Deterrence is the next emerged type of punishment justification that came into existence during the eighteenth century. This type of justification makes a comparison of the situation without crime and with crime assuming that people will choose the benefits. This type of justification believes that society will consider the benefits that a noncrime scenario offers over the consequences of crime. This type of punishment justification cautions society of the possible consequences. Eg: If people try to increase their speed limit in a rush to avoid getting late to their destination, a fine ticket would help decrease the accidental rates, by acknowledging the benefit of getting late by going slow than paying the fine. Deterrence also discourages harsher punishments by putting the criminals to fewer intensity punishments like imprisonment than the death sentence to scare them to prevent further offenses.

Rehabilitation is the third form of punishment justification that evolved during the nineteenth century. This type of punishment justification was based on the identification of relationships between the criminals and their environments. This practice believes that when a subject is controlled by his/her environment in the upbringing they conform themselves to that particular societal norms only. So this type of punishment includes reformation activities for the criminals. So during the execution of punishment, the offenders will be sent to reformatories or reformation camps and houses of corrections. Also, the process sometimes involves setting up the military-style of boot camps, assuming that hard work and military-style disciplinary patterns will replace the old criminal nature in the offenders.

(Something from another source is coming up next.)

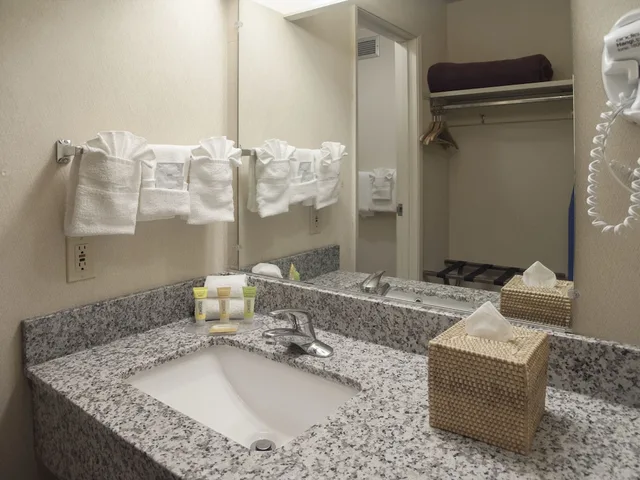 غرفة ديلوكس بسرير كينج، Inn At The Convention Center 5/6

Social protection is the fourth form of the justification for punishment and came about as a protective effort to protect society from violent criminals. This favors society by making the offender incapable of further offenses until a certain limited time by imprisonment or permanently by execution. This option of punishment has no choice for changing the criminal from their effort as it is the case of rehabilitation. All it has to do is make capture the criminals. With this form of punishment justification in the nineteenth century, the imprisoned criminal rate has increased in the United States in recent years. This form administers strict laws and heavy sanctions for imprisonment. Sometimes this pattern of justification can be assumed by the reformers as offenders being protected in the prison when they are not accepted by the society. There is a perceivable variance between the citizens and the criminals through this type.

There is no clear evidence in the above report, to support any type as the most effective type in deterring crime in society. Retribution cannot help much to deter crime, but can only push it further. Deterrence can up to some extent prevent the crime, but may not be sufficient to clear it ultimately. However, rehabilitation makes the offenders able to flow into the civilian stream by bringing the reformation. The reformation will reduce the level of criminal instinct and reduces the crime levels for a long duration.